++++ Records for this task

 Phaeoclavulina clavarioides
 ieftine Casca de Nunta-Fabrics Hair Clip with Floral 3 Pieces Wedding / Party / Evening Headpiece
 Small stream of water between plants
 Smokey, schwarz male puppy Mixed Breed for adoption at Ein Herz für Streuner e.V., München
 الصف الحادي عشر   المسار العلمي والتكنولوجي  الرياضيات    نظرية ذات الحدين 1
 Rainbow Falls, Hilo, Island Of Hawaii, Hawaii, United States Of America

++++++++
++++ Records for this task

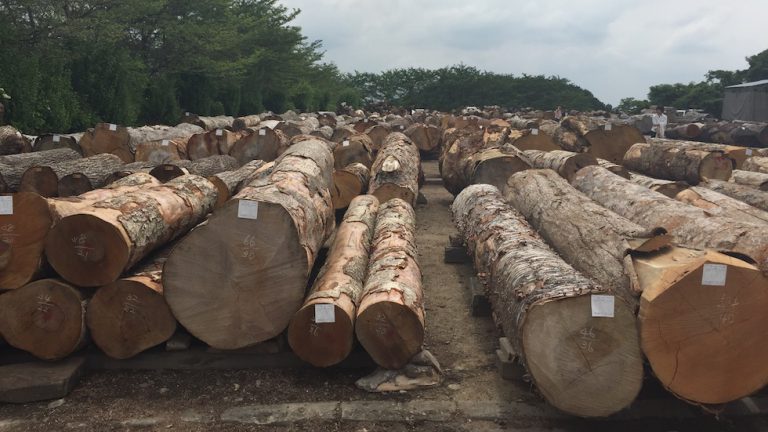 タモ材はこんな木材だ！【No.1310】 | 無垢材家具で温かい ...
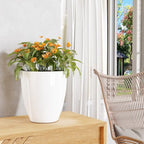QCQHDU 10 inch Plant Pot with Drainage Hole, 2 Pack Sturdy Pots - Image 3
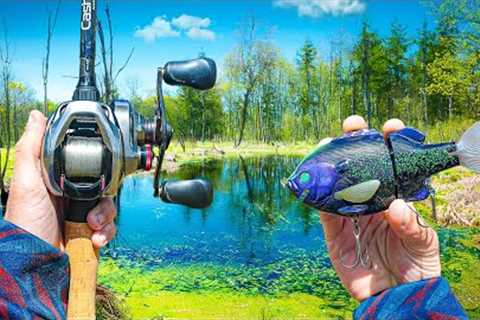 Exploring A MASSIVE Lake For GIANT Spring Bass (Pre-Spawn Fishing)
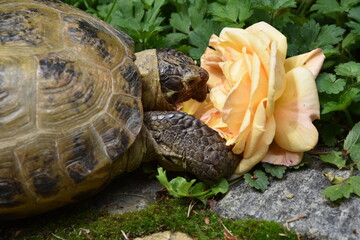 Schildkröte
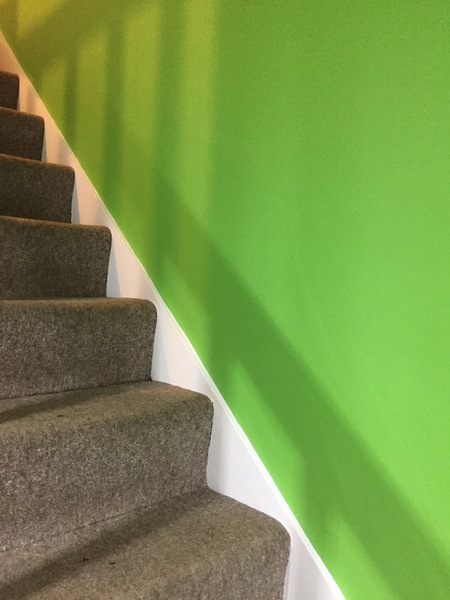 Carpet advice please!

++++++++

• Exercise instructions: Quote word for word only the lines above from the one containing "QCQHDU 10 inch" through the one containing "Carpet advice please!". Pictures stay out of your copy.

• Response below:
QCQHDU 10 inch Plant Pot with Drainage Hole, 2 Pack Sturdy Pots - Image 3
 Exploring A MASSIVE Lake For GIANT Spring Bass (Pre-Spawn Fishing)
 Schildkröte
 Carpet advice please!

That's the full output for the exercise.